Is House Flipping Sleazy?

October 23, 2006 by

Real estate investors have come under fire recently, particularly for the common practice of “flipping” a property. An investor finds a seller who is willing to sell for a low price (perhaps because of imminent foreclosure or to gain immediate cash to pay other debts), then immediately attempts to resell the property to a third party. It’s the day trading of the real estate world, with advantages to those familiar with real estate law, finance, and the nuances of local real estate conditions. FULL ARTICLE

{ 19 comments }

M E Hoffer October 23, 2006 at 8:32 am

Why weaken your argument by trying to defend “predatory” lending along with “house flipping”?

jeffrey October 23, 2006 at 9:05 am

It strikes me that this piece is certainly Digg Worthy.

billwald October 23, 2006 at 11:19 am

Old saying, “Nothing happens until someone sells something.” This is the truth in the last 20 years. Most all purchases are elective – not generally life sustaining.

Dan Coleman October 23, 2006 at 11:41 am

M E Hoffer,

I’m not sure how (a) Terrell defended predatory lending or (b) how it (would have) weakened his argument.

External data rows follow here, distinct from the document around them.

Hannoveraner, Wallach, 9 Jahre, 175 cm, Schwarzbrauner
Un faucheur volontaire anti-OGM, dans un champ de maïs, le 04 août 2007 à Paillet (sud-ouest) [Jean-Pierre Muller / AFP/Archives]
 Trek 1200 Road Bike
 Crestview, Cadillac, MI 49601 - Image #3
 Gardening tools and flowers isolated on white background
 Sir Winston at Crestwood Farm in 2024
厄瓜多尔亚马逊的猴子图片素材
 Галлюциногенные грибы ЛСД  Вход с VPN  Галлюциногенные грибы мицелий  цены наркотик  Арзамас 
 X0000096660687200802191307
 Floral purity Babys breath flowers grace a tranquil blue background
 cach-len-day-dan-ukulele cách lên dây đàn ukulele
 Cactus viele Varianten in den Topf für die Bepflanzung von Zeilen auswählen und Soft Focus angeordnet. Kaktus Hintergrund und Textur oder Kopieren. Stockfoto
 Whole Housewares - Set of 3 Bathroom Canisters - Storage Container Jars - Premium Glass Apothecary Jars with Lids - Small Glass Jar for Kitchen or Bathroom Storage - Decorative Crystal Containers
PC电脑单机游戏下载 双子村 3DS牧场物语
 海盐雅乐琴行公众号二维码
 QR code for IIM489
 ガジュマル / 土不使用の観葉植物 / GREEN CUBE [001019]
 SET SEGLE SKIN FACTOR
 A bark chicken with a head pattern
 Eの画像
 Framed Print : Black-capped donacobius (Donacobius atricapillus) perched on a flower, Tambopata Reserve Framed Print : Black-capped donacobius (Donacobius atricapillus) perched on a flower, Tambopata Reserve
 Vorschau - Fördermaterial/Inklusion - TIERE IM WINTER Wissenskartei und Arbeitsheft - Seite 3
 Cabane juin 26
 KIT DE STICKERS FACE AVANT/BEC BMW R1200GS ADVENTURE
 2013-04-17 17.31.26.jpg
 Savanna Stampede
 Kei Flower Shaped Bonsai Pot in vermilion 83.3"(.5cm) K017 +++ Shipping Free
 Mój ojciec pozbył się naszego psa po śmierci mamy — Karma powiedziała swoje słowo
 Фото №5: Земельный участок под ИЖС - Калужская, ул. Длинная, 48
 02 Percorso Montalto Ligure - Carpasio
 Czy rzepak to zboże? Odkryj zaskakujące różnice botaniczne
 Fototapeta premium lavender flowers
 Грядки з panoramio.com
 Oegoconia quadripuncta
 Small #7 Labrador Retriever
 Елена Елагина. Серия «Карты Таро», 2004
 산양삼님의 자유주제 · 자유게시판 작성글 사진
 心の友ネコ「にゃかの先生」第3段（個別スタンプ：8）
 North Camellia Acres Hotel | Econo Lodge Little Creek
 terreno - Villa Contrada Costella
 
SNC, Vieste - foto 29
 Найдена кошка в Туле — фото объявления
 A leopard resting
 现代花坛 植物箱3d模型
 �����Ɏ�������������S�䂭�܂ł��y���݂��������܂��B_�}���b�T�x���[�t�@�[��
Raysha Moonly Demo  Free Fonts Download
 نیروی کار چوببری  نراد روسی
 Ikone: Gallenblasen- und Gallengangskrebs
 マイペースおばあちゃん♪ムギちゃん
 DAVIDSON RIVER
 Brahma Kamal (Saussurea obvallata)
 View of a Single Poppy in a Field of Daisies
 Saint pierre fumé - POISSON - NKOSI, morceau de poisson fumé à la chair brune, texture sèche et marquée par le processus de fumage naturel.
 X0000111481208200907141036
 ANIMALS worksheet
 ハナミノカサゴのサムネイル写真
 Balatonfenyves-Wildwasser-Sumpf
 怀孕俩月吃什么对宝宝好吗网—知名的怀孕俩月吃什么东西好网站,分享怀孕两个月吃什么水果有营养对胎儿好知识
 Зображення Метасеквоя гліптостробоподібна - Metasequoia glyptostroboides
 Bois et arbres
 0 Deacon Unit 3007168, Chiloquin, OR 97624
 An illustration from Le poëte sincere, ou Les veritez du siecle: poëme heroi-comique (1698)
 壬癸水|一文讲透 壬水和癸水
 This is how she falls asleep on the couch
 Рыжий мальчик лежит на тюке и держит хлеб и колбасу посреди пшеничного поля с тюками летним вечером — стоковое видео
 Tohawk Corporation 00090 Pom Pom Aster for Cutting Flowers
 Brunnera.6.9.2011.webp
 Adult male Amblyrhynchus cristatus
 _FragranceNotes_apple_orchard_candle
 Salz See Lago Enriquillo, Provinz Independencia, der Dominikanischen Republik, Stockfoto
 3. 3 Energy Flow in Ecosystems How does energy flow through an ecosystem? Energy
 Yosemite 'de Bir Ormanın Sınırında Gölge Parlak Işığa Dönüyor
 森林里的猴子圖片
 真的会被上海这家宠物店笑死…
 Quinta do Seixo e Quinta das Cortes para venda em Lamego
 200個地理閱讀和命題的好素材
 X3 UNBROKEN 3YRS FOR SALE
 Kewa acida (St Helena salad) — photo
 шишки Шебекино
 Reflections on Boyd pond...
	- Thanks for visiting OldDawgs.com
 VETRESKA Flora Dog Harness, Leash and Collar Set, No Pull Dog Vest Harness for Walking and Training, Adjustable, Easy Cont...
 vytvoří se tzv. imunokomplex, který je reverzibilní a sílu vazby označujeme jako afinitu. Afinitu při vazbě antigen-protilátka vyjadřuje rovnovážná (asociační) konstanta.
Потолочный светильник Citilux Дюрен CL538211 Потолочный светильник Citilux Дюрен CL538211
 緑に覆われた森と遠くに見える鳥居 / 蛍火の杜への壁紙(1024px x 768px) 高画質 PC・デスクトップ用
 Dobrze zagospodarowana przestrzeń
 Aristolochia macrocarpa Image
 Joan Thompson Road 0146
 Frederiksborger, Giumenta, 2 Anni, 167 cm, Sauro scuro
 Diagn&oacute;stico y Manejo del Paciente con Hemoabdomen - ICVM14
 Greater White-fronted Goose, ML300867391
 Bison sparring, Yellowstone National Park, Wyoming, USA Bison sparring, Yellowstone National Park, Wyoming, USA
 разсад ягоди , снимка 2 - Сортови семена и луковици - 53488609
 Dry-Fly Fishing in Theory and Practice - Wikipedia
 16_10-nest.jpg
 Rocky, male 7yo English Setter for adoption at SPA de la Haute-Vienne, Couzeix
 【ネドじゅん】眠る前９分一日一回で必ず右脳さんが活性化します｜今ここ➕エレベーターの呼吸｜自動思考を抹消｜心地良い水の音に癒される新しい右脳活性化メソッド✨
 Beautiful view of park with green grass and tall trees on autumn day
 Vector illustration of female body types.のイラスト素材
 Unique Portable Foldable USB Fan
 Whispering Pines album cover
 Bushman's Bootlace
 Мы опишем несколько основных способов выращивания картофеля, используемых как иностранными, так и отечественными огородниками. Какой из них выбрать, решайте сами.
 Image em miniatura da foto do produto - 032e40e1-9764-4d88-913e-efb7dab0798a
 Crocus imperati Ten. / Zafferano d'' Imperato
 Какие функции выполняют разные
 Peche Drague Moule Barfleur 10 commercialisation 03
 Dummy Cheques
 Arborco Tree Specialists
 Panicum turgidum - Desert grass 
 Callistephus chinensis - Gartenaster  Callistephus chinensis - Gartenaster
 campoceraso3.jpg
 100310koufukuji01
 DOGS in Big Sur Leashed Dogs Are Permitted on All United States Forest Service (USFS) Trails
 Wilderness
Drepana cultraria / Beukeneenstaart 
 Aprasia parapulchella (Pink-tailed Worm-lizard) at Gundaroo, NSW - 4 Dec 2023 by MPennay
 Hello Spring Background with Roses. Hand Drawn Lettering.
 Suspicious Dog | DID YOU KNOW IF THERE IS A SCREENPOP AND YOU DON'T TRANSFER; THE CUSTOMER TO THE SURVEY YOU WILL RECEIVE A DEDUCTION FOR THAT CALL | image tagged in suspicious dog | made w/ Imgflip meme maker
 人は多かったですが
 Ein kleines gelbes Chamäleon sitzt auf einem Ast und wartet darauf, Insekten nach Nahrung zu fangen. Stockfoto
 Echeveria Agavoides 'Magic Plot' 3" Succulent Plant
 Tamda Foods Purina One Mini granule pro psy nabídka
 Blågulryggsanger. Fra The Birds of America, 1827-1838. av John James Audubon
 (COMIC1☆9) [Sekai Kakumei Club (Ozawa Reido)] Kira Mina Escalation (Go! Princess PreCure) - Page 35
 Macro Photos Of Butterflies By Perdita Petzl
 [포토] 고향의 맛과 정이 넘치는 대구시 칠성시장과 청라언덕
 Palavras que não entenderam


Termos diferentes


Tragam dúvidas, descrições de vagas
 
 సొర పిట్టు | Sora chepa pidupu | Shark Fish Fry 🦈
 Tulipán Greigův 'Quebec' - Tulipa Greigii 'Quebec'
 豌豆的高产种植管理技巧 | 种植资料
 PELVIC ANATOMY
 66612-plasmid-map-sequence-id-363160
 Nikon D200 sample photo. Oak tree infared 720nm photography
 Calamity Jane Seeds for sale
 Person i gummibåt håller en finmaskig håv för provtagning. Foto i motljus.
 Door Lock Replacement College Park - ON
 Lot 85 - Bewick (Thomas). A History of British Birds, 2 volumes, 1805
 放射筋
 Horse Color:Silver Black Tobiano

He cites a bill with the name ‘predatory’ in it, but only insofar as it included actions against house flipping.

Where is the added weakness in his argument?

Timothy Terrell October 23, 2006 at 11:53 am

My passing comparison to subprime lenders, network marketers, and faith healers has generated some misunderstanding, judging from blog-posted and privately e-mailed responses to the article. I could have been more clear. I was trying to give people who are unfamiliar with property investors an idea of how they are regarded socially, by comparison with others who (rightly or wrongly, but probably wrongly) are regarded as unsavory bottom-feeders or preying on the ignorant and unsophisticated.

L.Baggiani (MV=PQ) October 23, 2006 at 4:53 pm

Mr Terrell,

I suppose your article was set to defend the market-working and justify flipping as simply part of that (in a sense: no one can tell me what price I want to sell my home, nor whether I am allowed to by at what price); by this point of view, I surely agree with your work.

In my opinion something should be stressed in economically criticizing H.R.200: law does not consider the value individually attributed to time by the home-seller.
The getting money sooner than later is a service (or a “goods”) which the seller considers worth-paying, and he simply translates it into a lower price (the original price less the value of time spared); it could more formally be said that in certain circumstances personal “intertemporal preferences” can change, a person’s “intertemporal preference ratio” can rise, so to even relevantly discounting the price of the house he is selling (if there is no rationale to save us from higher bank-lending interest rates, there must be no rationale also to save the seller from his higher preference for liquidity).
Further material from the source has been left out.